Lives Uncharted
Lives Uncharted chronicles the experiences of Polish migrant women who arrived in the United States before 1914. We collect and publish family memories, historical records, and narratives to reconstruct the many uncharted lives of ordinary Polish women who crossed the Atlantic in the late 1800s and early 1900s.
The goal of Lives Uncharted is to create a digital repository of stories that will help us better understand how Polish migrant women lived every day and how they navigated the realities of their lives in the United States in the late nineteenth and early twentieth centuries. We want to know what difficulties they faced, what opportunities they had, and what secrets they kept.
Every story matters. We share stories of workers, artists, and community activists. We share stories of rebels, protestors, and free spirits. We share stories of wives, mothers, and caregivers. And we share stories of triumphs and victories but also of failures and challenges. No story is too trivial, too fragmented, or too complicated. Lives Uncharted is the space where we look underneath the surface and explore who were the women that came before us.

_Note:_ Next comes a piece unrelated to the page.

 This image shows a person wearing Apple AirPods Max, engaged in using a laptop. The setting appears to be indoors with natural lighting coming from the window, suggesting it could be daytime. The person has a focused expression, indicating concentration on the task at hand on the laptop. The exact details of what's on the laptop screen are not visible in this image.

What did Polish mean before 1914?
Not many European immigrants coming to the United States before 1914 self-identified in national terms. This means that few migrants from the pre-1914 wave that we think of as Polish thought of themselves as Polish at the time of arrival. Most self-identified through their connections to a place (a village, town, or larger region), familial bonds, or even religion. We acknowledge this historical reality and although we use the term Polish throughout Lives Uncharted, we are aware of how complicated the historical meaning of Polish in the context of the pre-1914 migration can be.
Identities are complicated and national identities today are defined differently than they were over a century ago. One of our aims is to develop a better understanding of what it meant to be a Polish woman in the United States in the early twentieth century and whether the women whom we identify as Polish thought of themselves in the same terms.